Limitations of this study include the data being collected at a point in time and the study’s retrospective nature. These result in further limitations such as missing data on BCG vaccination status and GPS coordinates, inaccuracies in vaccine cards and/or parental recall, and displacement of data for privacy reasons. Finally the SaTScan analysis detects only circular clusters, and irregularly shaped clusters were not detected.

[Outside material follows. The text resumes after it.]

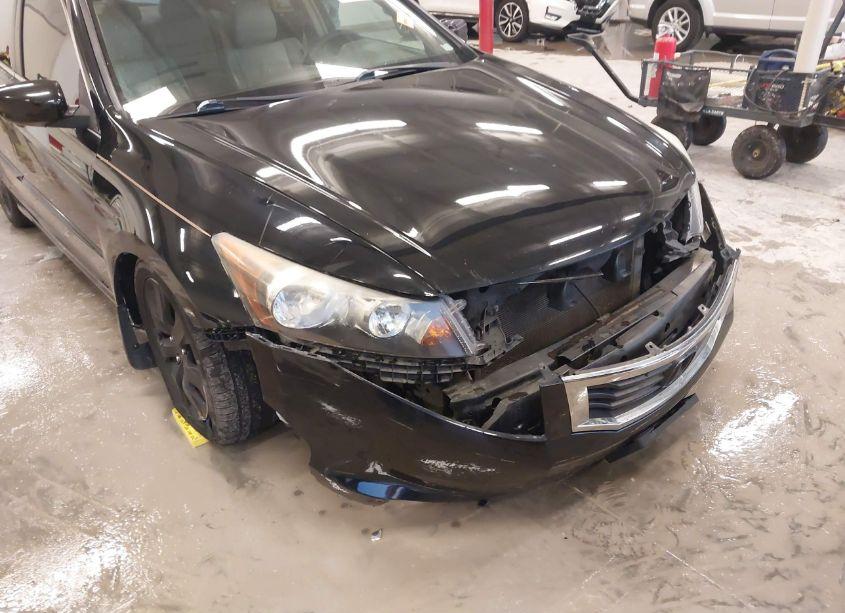 Photo 17 of 2008 Honda Accord 2.4 EX-L (VIN 1HGCP26818A076996)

Based on the findings of this study, policy makers or programmers should provide better interventions to hotspot areas (low BCG vaccination coverage) and design different strategies to improve BCG vaccination among children 0–35 months in Ethiopia.

Conclusion

The spatial variation in BCG vaccination coverage among children in Ethiopia was non-random (clustered). High-risk areas for low BCG coverage were found in the far North West and East Somali regions. TB is a high-burden disease in developing countries especially in Ethiopia, and to reduce this highly infectious disease BCG vaccination is a very important tool. High-risk areas for low BCG vaccination are prone to TB and should be given priority and be targeted for interventions to reduce the burden of TB in Ethiopia.